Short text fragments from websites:

=-=-=-=-=

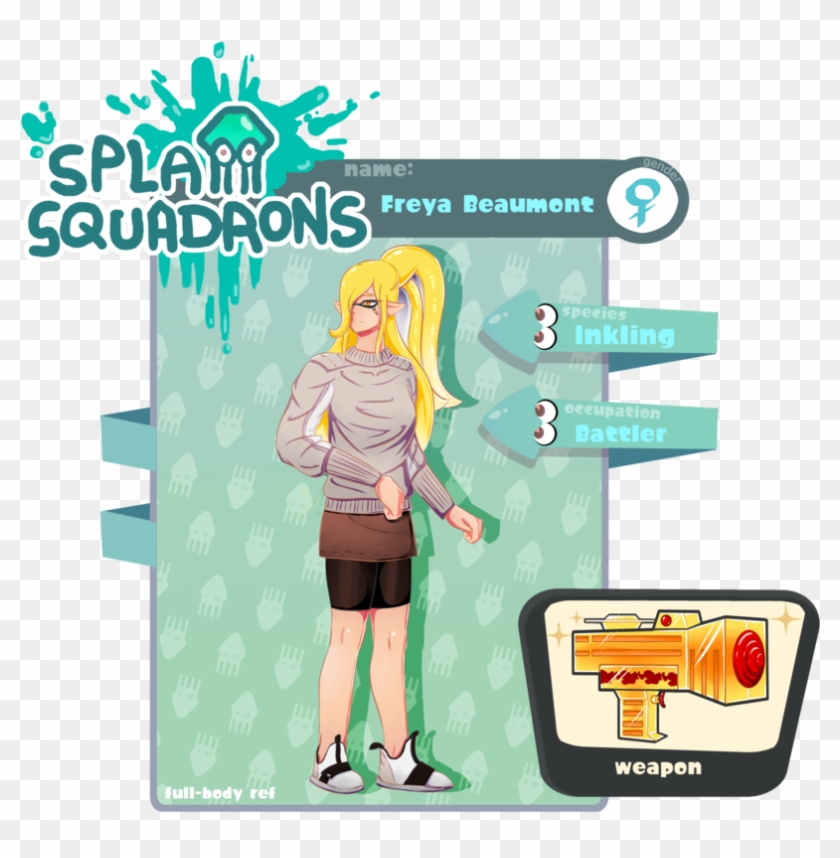 Freya Beaumont By Blanket-devil - Cartoon #856025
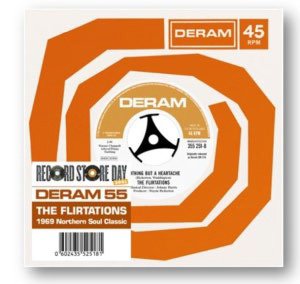 Cover for The Flirtations · RSD 2021 - Nothing but a He (LP) (2021)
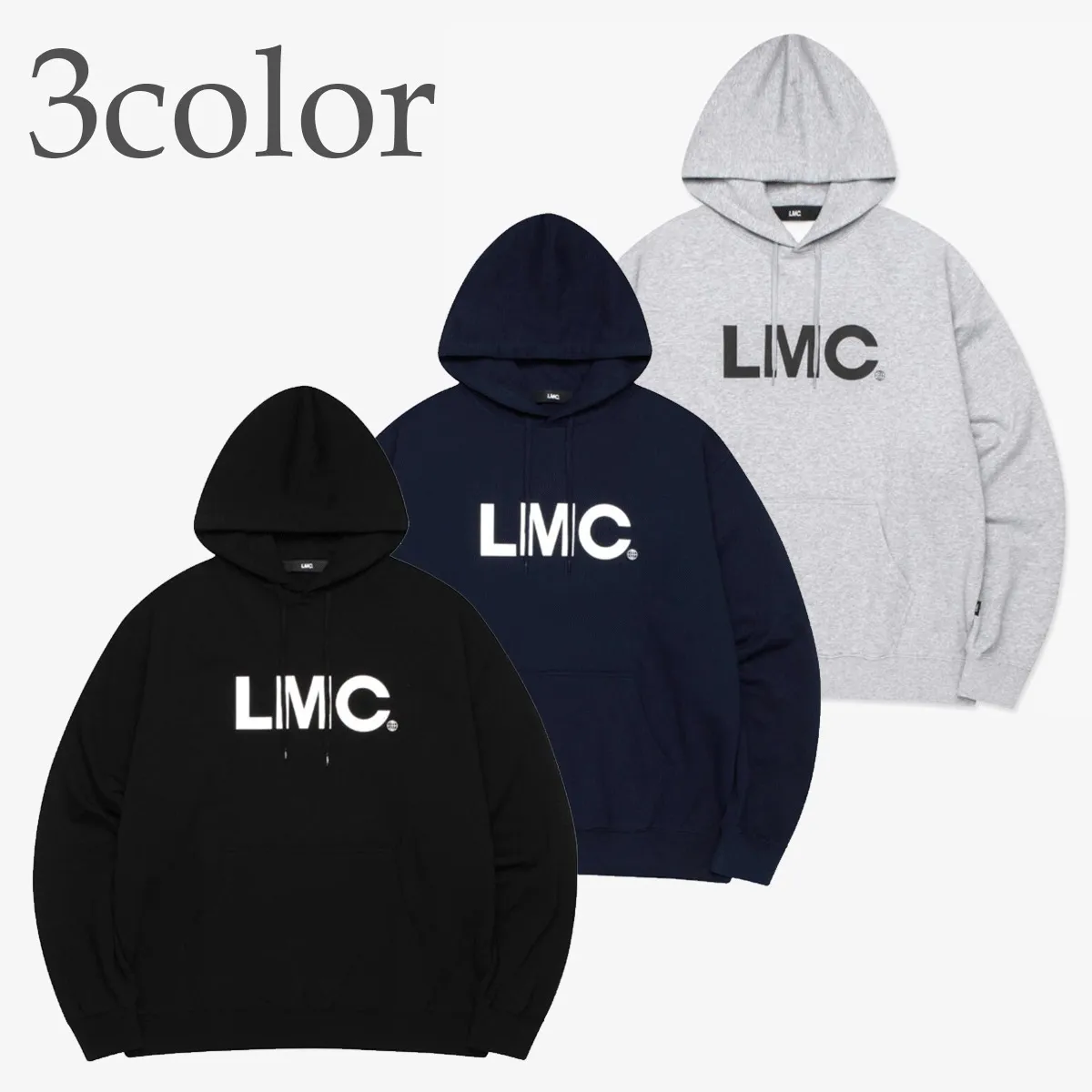 LMC  |Unisex Street Style Long Sleeves Plain Cotton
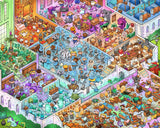 Witches & Wizards | Vizzles - Series 8 | Great Games | 1000 Pieces | Jigsaw Puzzle - Puzzles +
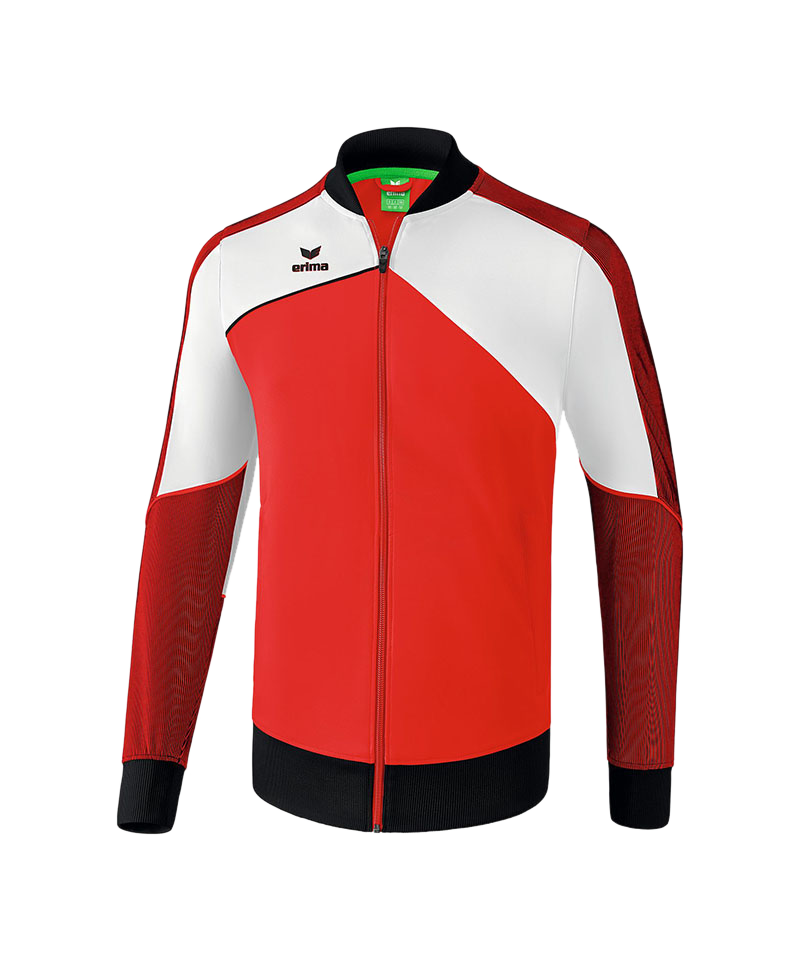 Erima Premium One 2.0 Präsi-Jacke Kids Rot Weiss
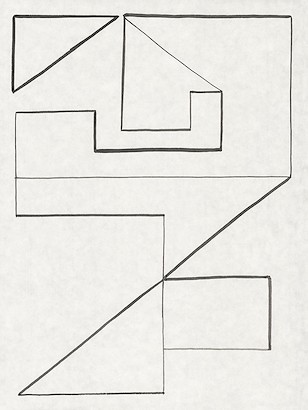 30 x 40 Lining Up I (IBG)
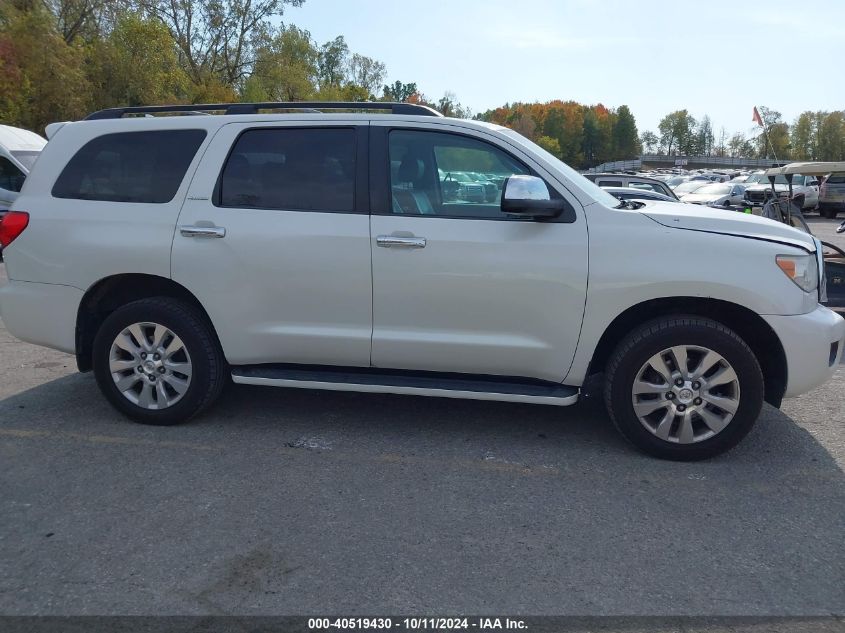 2013 Toyota Sequoia Platinum 5.7L V8 VIN: 5TDDW5G16DS090351 Lot: 40519430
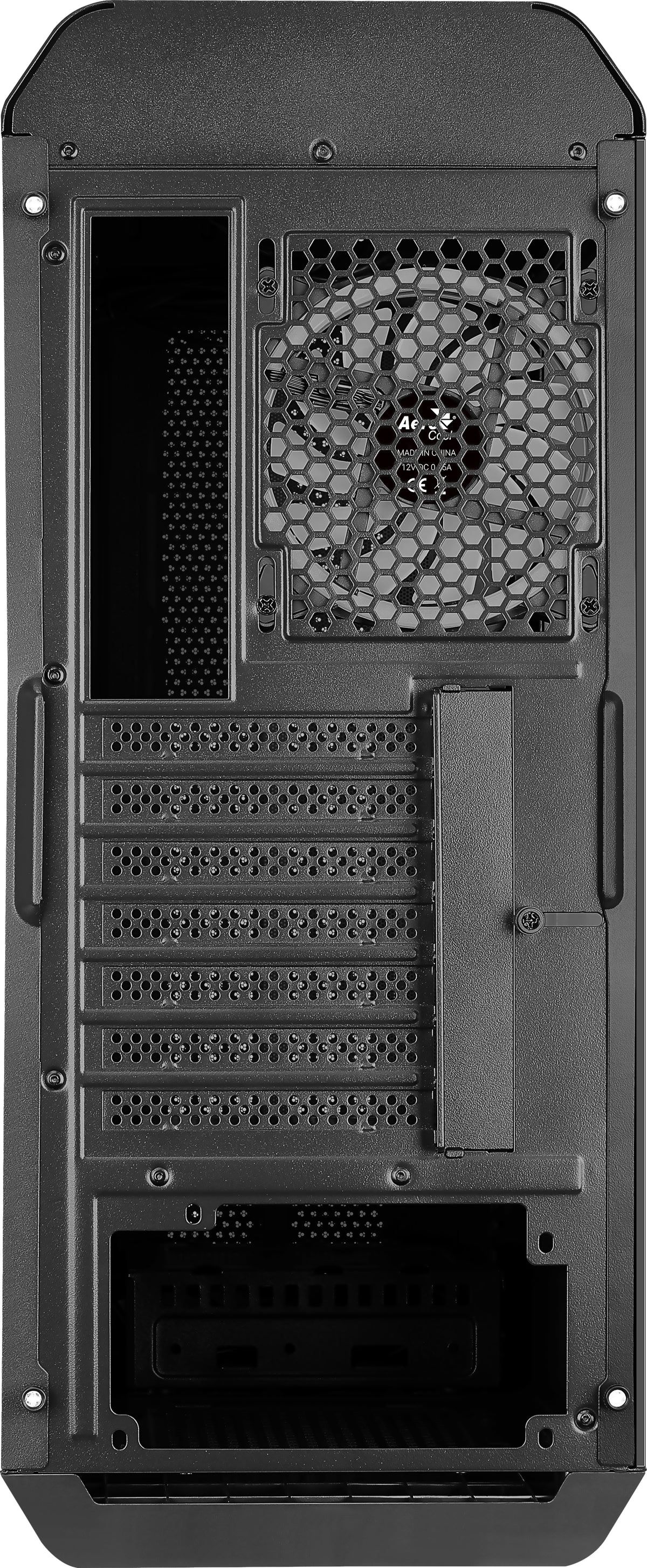 Aerocool Splinter Duo Midi Tower Schwarz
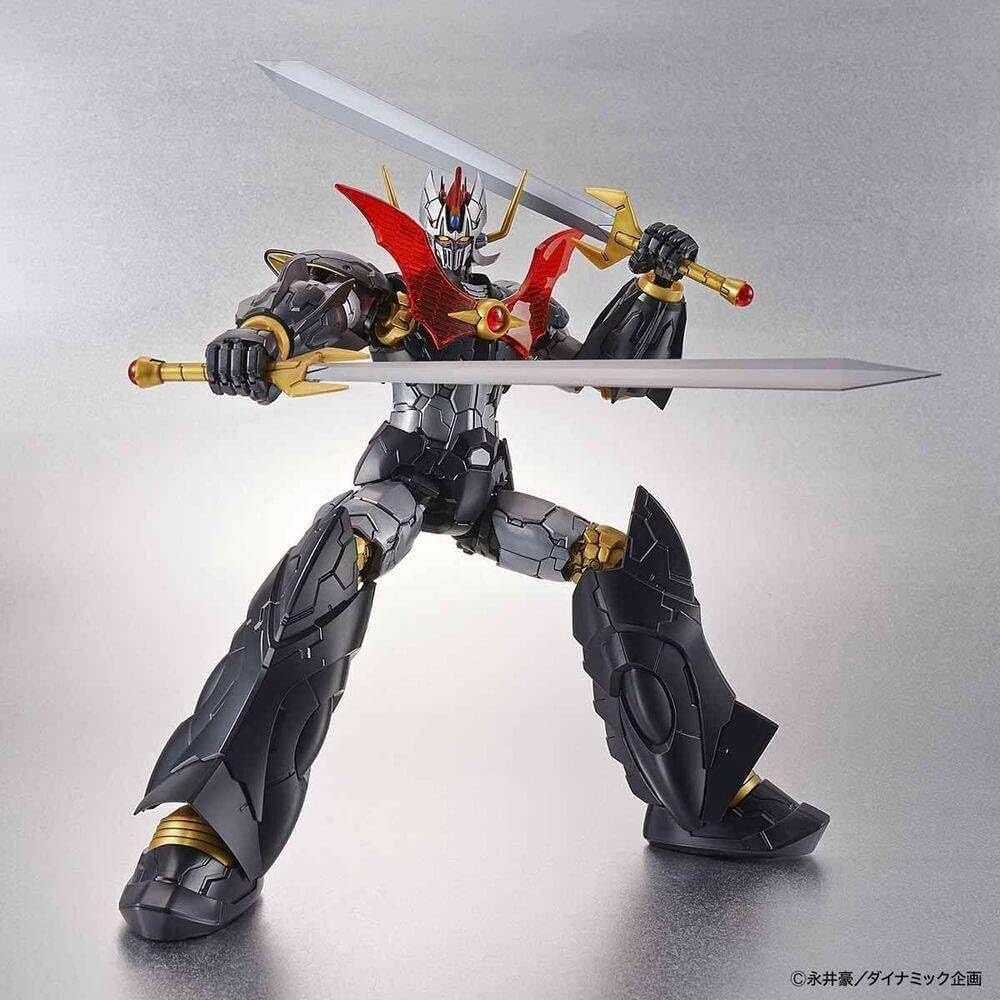 プラモデル HG 1/144 マジンカイザー INFINITISM バンダイスピリッツ 新解釈デザイン 柳瀬敬之 高精密パーツ分割 黒手足金関節 高級感豊富可動域 迫力武装オプション ターボスマッシャーパンチ カイザーブレード ファイヤーブラスター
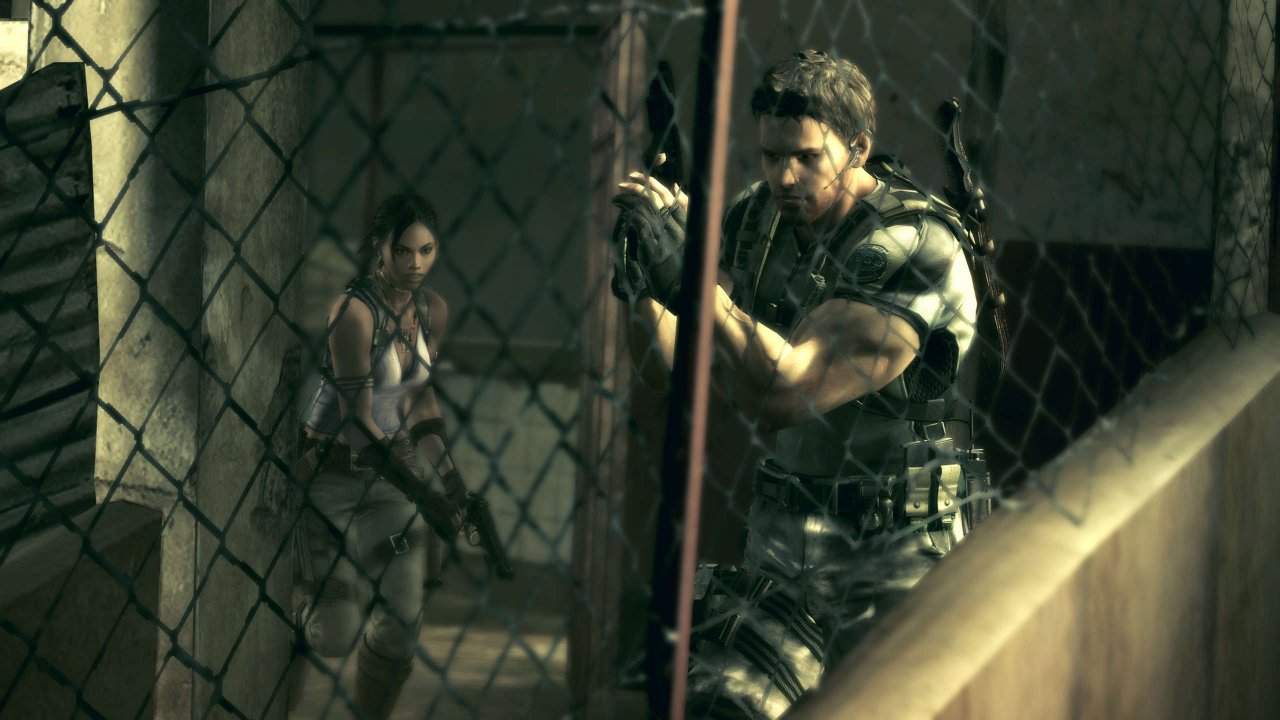 TGS 08: Resident Evil 5:n co-op myös jaetulle ruudulle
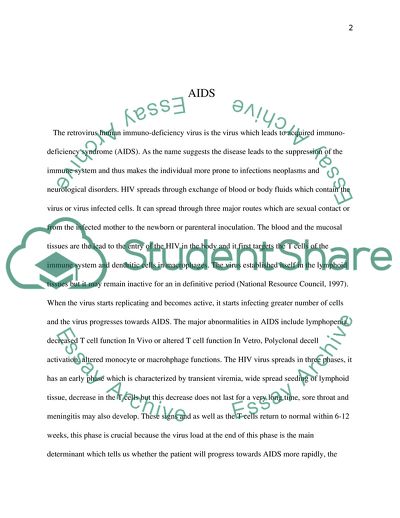 Why Chimps Cant Get AIDS Opposed to Humans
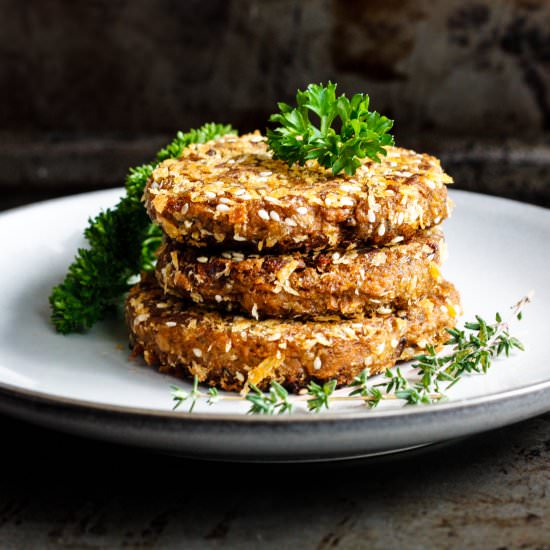 Vegan Burgers - Recipe photo by LIFESTYLE HOME HEALTH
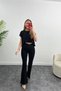 Çnr Flared Flare Jean Women's t Shaping / Sculpting Power Lycra t Shaping / Sculpting Am Fit New Hsn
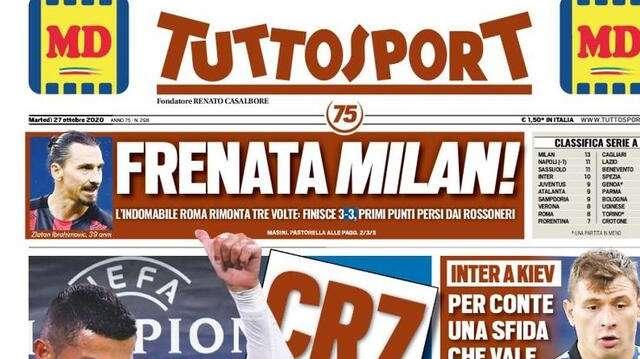 Prima TS - Inter a Kiev: per Conte una sfida che vale la finale 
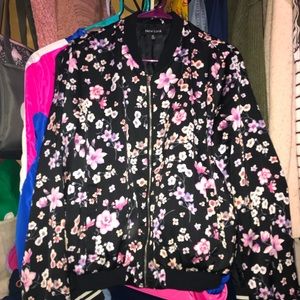 Flower Bomber jacket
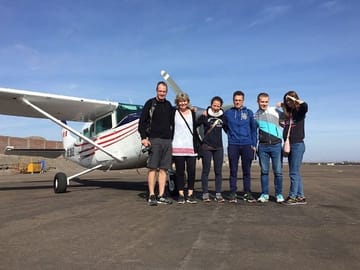 Aerial Tour of the Nazca Lines in Nasca, Peru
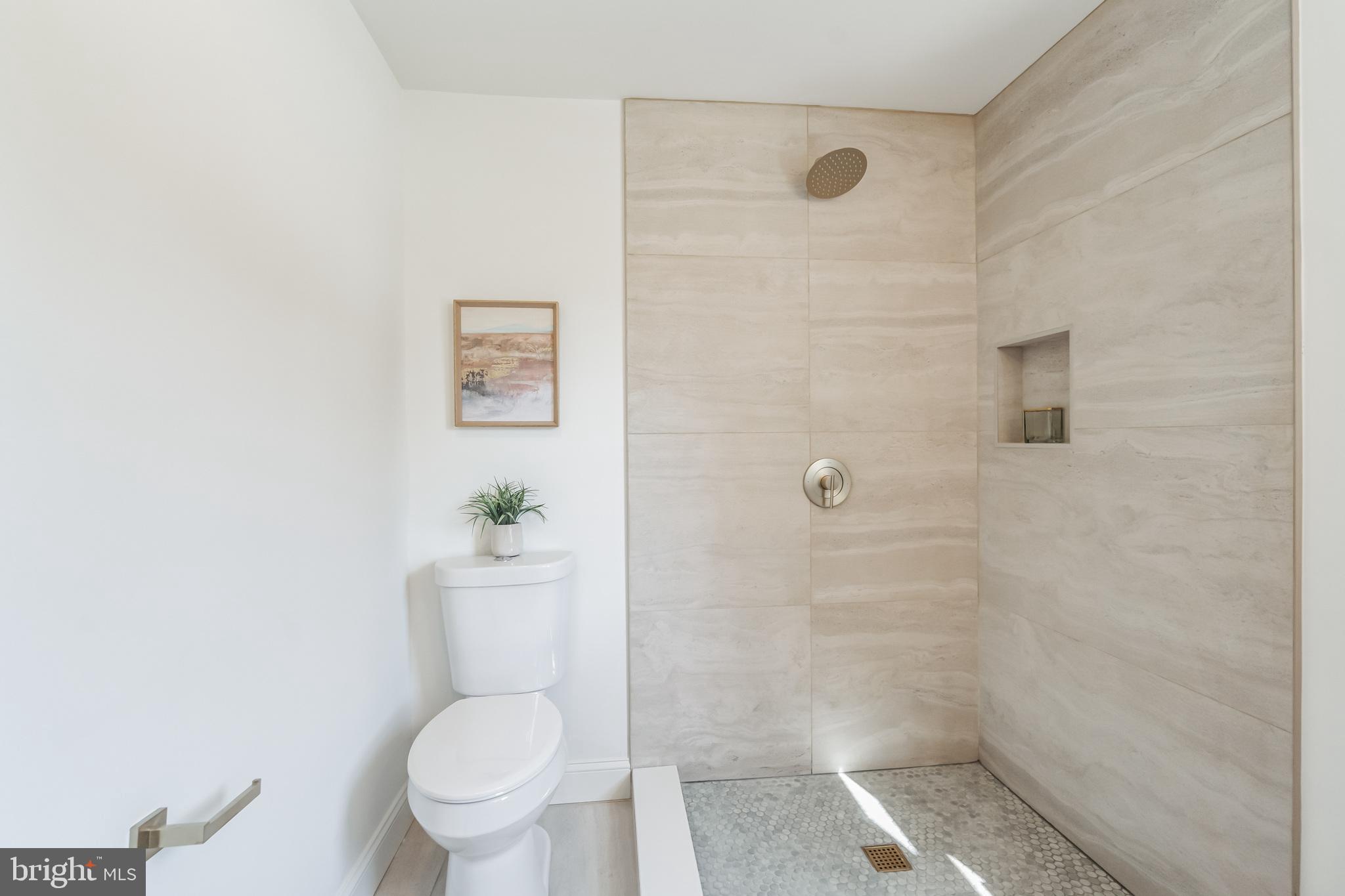 206 Grandview Road Media, PA 19063 - Photo 17 of 27 Primary Bath-glass enclosure to be installed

=-=-=-=-=

Exactly as written, repeat the lines from the beginning of the entries up to and including the line with "Aerocool Splinter Duo Midi Tower Schwarz", but not the pictures.

__FINISHED EXERCISE__
 Freya Beaumont By Blanket-devil - Cartoon #856025
 Cover for The Flirtations · RSD 2021 - Nothing but a He (LP) (2021)
 LMC  |Unisex Street Style Long Sleeves Plain Cotton
 Witches & Wizards | Vizzles - Series 8 | Great Games | 1000 Pieces | Jigsaw Puzzle - Puzzles +
 Erima Premium One 2.0 Präsi-Jacke Kids Rot Weiss
 30 x 40 Lining Up I (IBG)
 2013 Toyota Sequoia Platinum 5.7L V8 VIN: 5TDDW5G16DS090351 Lot: 40519430
 Aerocool Splinter Duo Midi Tower Schwarz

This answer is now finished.